[Source data — start]

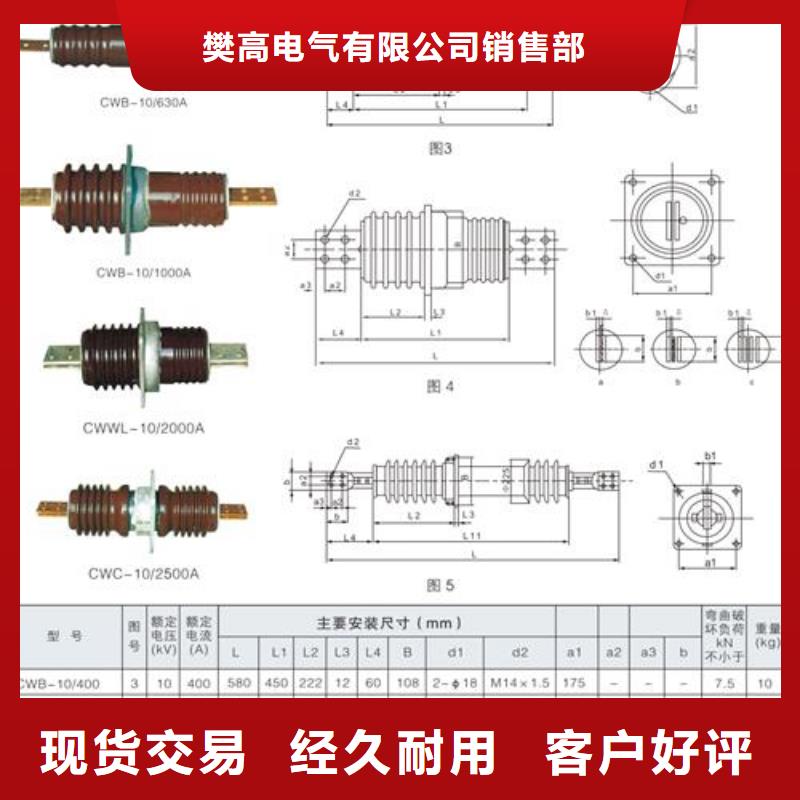 CMWD1-20/4000A陶瓷套管樊高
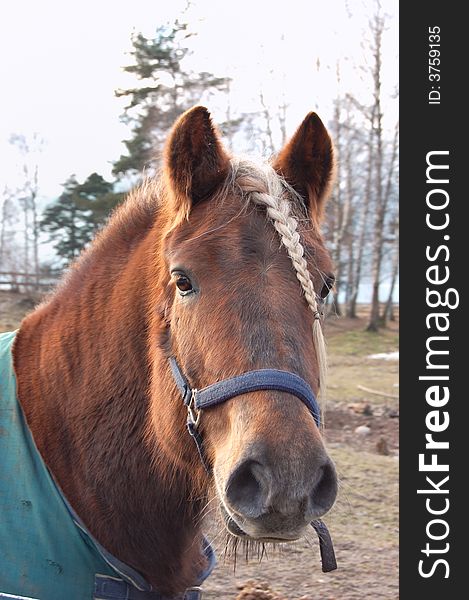 Closeup of a horses head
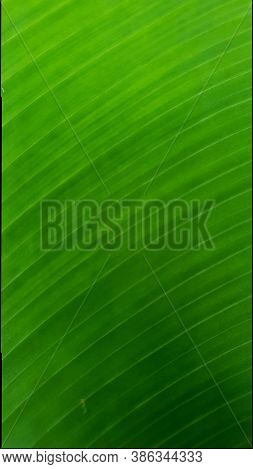 A Green Natural  Tripped  Background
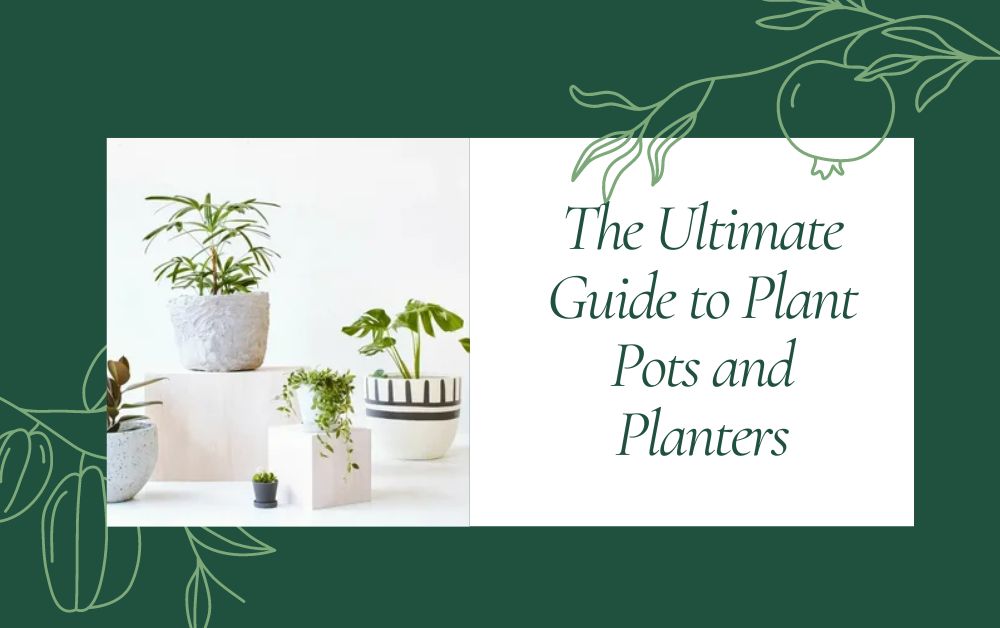 Plant Pots and Planters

[Source data — finish]

§ **Exercise details**:
Please repeat every line of the material above exactly and without its pictures.

§ **Response below**:
 CMWD1-20/4000A陶瓷套管樊高
 Closeup of a horses head
 A Green Natural  Tripped  Background
 Plant Pots and Planters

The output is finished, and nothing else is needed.